● ACTIVITY
Using the data below, return word for word every line from the one holding "Portachiavi peluche fungo" down to the one holding "Nodar ND400AH Bluetooth". Leave pictures out.

● DATA SUPPLIED
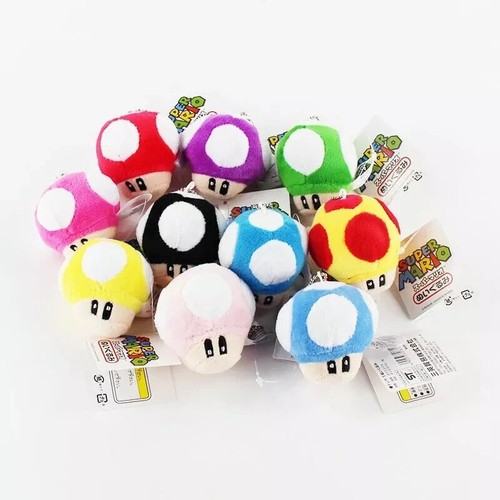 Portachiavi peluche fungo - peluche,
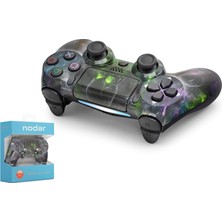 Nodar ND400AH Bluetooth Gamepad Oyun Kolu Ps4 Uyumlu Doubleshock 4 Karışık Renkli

* * *

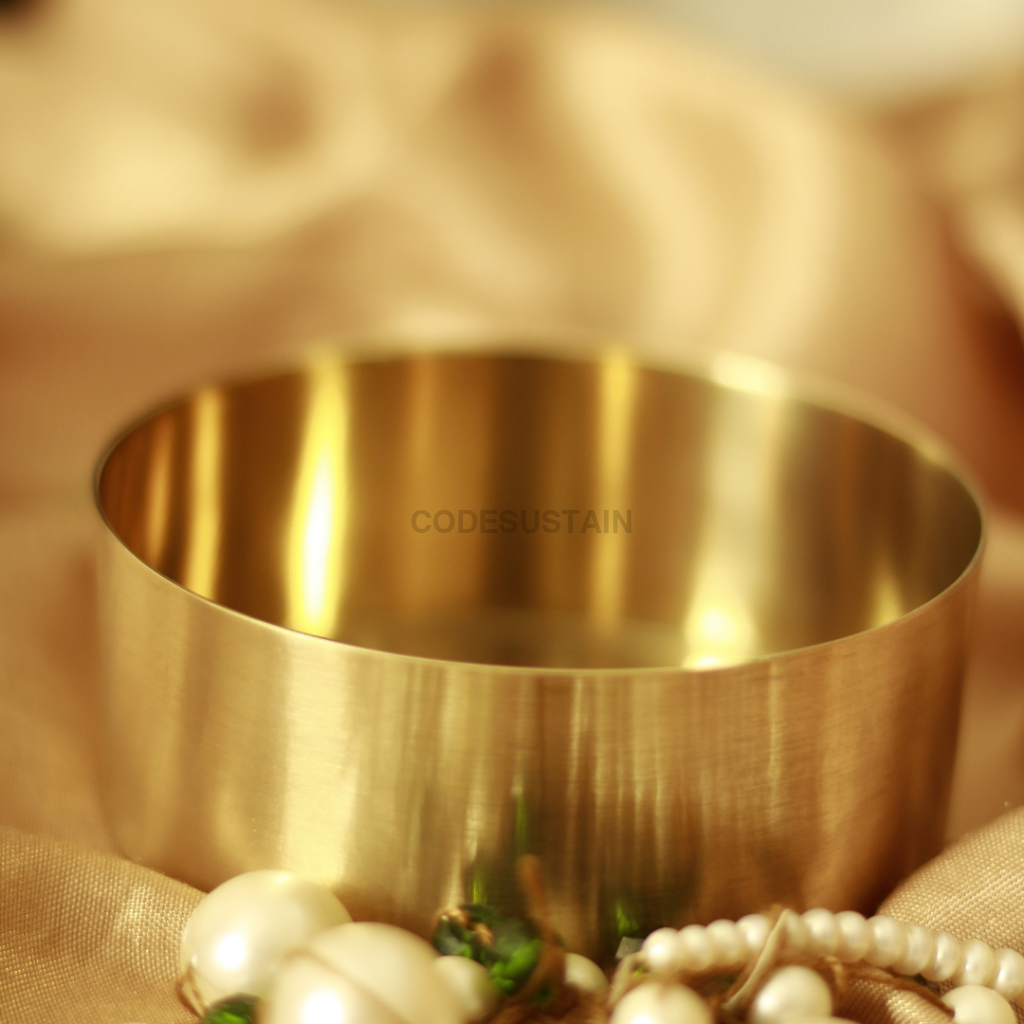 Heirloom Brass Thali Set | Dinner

...

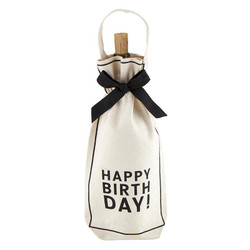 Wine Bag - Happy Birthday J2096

● SOLUTION TO THIS PROBLEM
 Portachiavi peluche fungo - peluche,
 Nodar ND400AH Bluetooth Gamepad Oyun Kolu Ps4 Uyumlu Doubleshock 4 Karışık Renkli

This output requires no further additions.